How Docker memory caching works & finding a hidden hapi vulnerability

It was a dark and stormy night in May when our internal metric readings for memory usage spiked in our Address Verification service for no obvious reason. Even weirder than that, our largest API and main service had suddenly started crashing and restarting every several hours—a dark night indeed. The following is a summary of our painful investigation over several weeks, involving multiple team members and endless :confused_dog: and :computer_rage_bang_head: emojis. But (spoiler alert!), after the storm comes a rainbow.

TL;DR: We learned how Docker memory caching works and found a 7-year-old file management bug which led to a secret hidden hapi vulnerability; all of which helped stabilize our containers and product offering.

What you need to know about Docker

Traditionally for those who have worked with Docker and Datadog, the main way to measure memory usage in a container is to look for Docker.mem.in_use. Now for reasons unbeknownst to me, Docker.mem.in_use used to only measure Rss memory usage rather than the combination of both Docker.mem.rss and Docker.mem.cache:

Docker.mem.cache: The amount of memory that is being used to cache data from disk (e.g., memory contents that can be associated precisely with a block on a block device).
Docker.mem.rss: The amount of non-cache memory that belongs to the container's processes.; used for stacks, heaps, etc.
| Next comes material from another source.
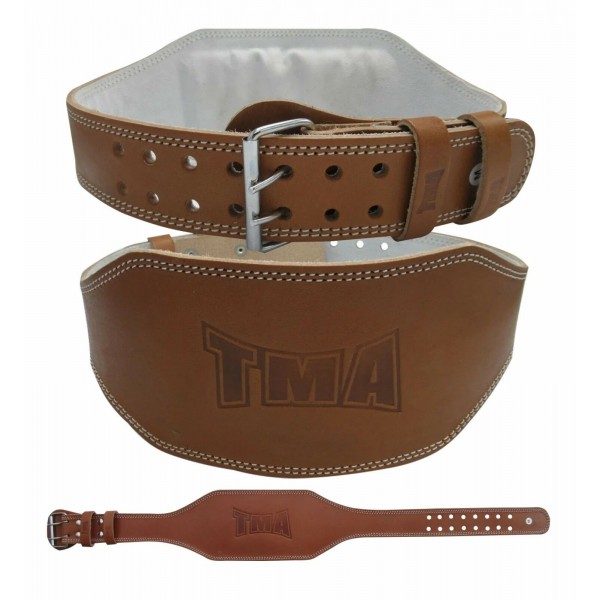 TMA Original Leather Gym 6" Training Weight Lifting Belt Back Support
RSS memory usage is essentially what most would think about when they see a memory leak; a piece of the heap not being garbage collected, or an object that continues to grow infinitely. And that’s why a large chunk of our investigation looked towards traditional sources of memory leaks. But after several weeks with little progress, I started to piece together why our container memory readings had spiked and why the memory leak in our main service had started at roughly the same time.

During my investigation I discovered that on May 9th, Datadog made a change in how memory data is read: mem_in_use is now a combination of both rss and cache usage.
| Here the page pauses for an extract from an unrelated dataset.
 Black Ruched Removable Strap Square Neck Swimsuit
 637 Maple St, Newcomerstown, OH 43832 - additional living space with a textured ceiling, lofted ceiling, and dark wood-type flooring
This was when a lightbulb went off: None of our Docker containers had any mounts of volumes attached, so whenever we wrote to disk, we would be writing to memory instead. Logically it makes quite a bit of sense, if you don’t have disk space the only other place you can write to is memory(ram).

This actually even goes a step further, there might be instances where you may have a mount or volume but you still notice docker.mem.cache going up. Well certain linux distributions will freely cache disk read/writes to memory if there is ample space, and will automatically start freeing it up once you start running low. For a deeper breakdown, here’s a great article: Linux Ate my RAM!

So:

import { promises as fs } from 'fs' 

await fs.writeFile(...)

…wasn’t writing to disk but straight to memory. Specifically for our Address Verification Service, we load nearly 4 gigabytes of files into memory at runtime in order to operate.

Now this helped us identify and resolve the problem in our Address Verification service: we were improperly using cached Docker builds. Once we pushed a fix for that, our memory readings went back to normal. For those that are confused why that might be the case, the details need to be kept in house, but in short, if our assets had been properly cached as a docker layer, the 4 GB of data in that case would be counted as part of the image size and would be part of Docker’s storage driver. That way it would no longer be using memory to store those files and instead would properly be a part of the disk space.

What you need to know about hapi file management

With one service fixed, I just had to fix the memory problem in our core API. To understand how I fixed it, I think it’s relevant to provide some background into hapi.js. We use hapi as our main framework for our api and are currently running v20. As a company that deals heavily with turning assets into printable mail pieces we needed a framework that makes it easy to work with parsing payloads.

The main options of dealing with payloads that Hapi provides are:

Data
Streams
Files

The first option, Data, is fairly straightforward: if you pass a JSON body into a Post request it’ll parse it into JSON data. Streams will do the same thing, but if you get a multipart upload (i.e., a file is uploaded), it’ll read that file into a stream without any additional tooling needed. The third is similar, but it’ll write a file to a specified directory rather than give you a stream:

‘File’: the incoming payload is written to a temporary file in the directory specified by the uploads settings. If the payload is 'multipart/form-data' and parse is true, field values are presented as text while files are saved to disk. Note that it is the sole responsibility of the application to clean up the files generated by the framework. This can be done by keeping track of which files are used (e.g. using the request.app object), and listening to the server 'response' event to perform cleanup.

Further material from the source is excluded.